» What the task asks: Every line of the data below should be retyped exactly, with no images carried over.

» Information shown:
++++++++++++++++++++

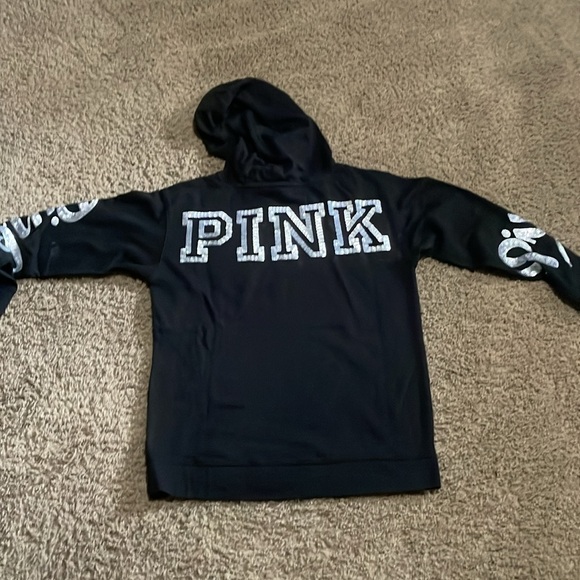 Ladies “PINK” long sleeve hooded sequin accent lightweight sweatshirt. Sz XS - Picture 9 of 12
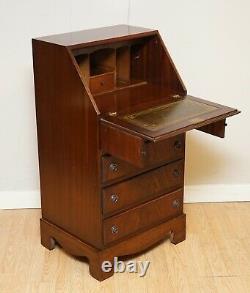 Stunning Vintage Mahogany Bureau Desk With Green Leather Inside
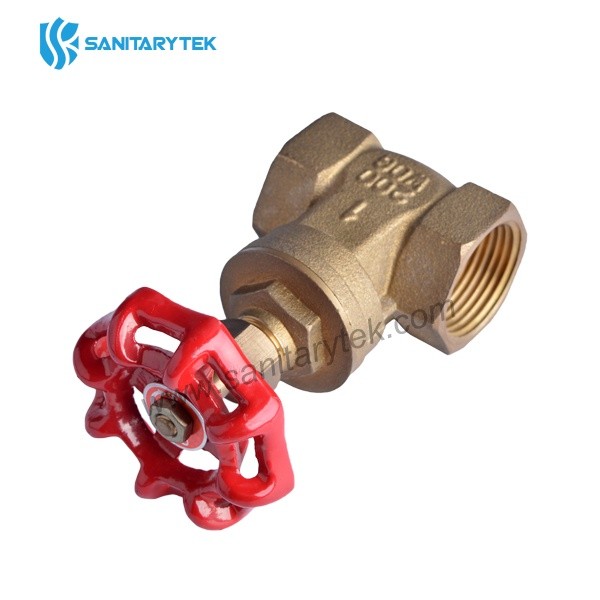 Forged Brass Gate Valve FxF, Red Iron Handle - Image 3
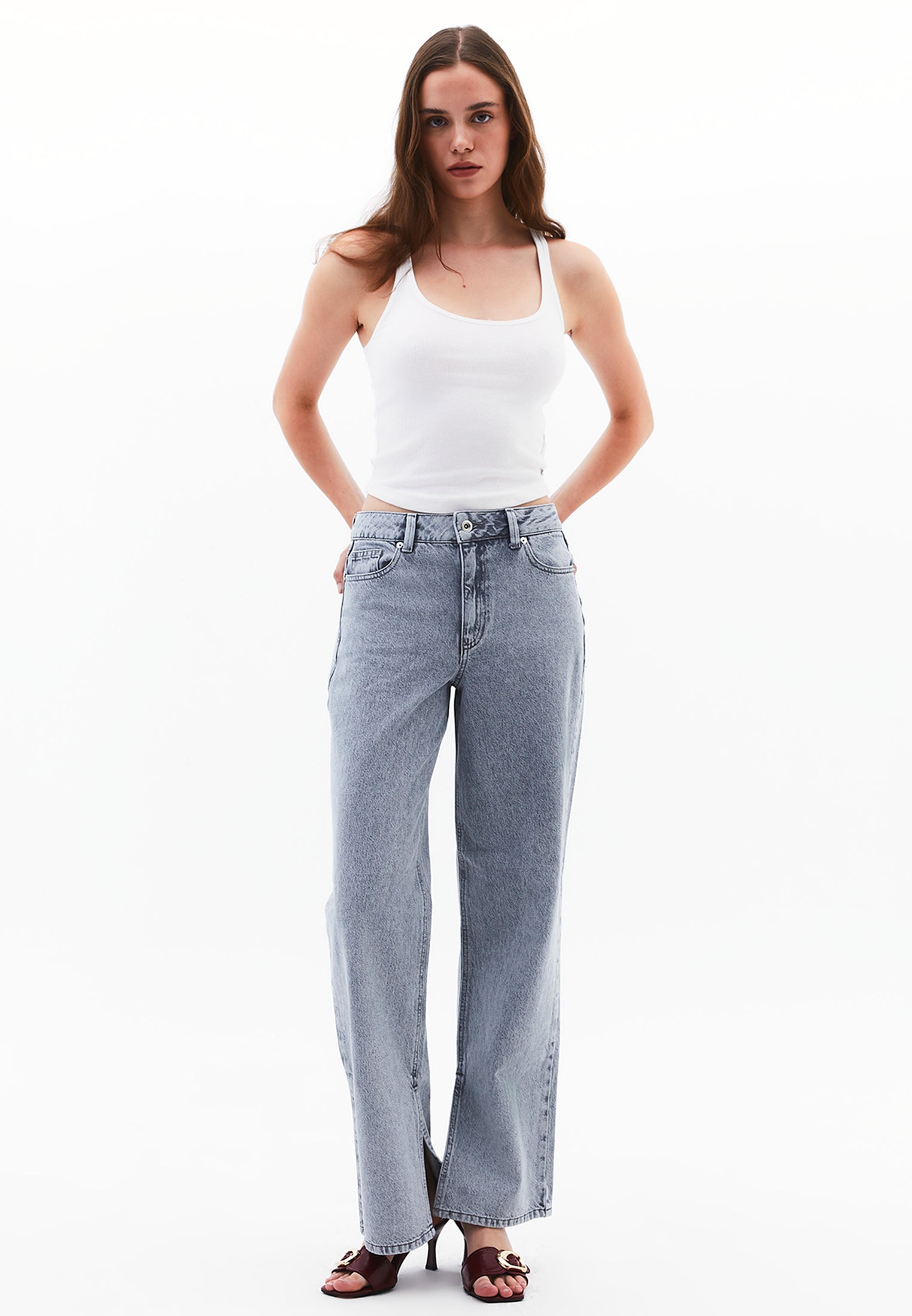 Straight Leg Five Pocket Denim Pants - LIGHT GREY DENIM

++++++++++++++++++++

» Answer for this exercise:
 Ladies “PINK” long sleeve hooded sequin accent lightweight sweatshirt. Sz XS - Picture 9 of 12
 Stunning Vintage Mahogany Bureau Desk With Green Leather Inside
 Forged Brass Gate Valve FxF, Red Iron Handle - Image 3
 Straight Leg Five Pocket Denim Pants - LIGHT GREY DENIM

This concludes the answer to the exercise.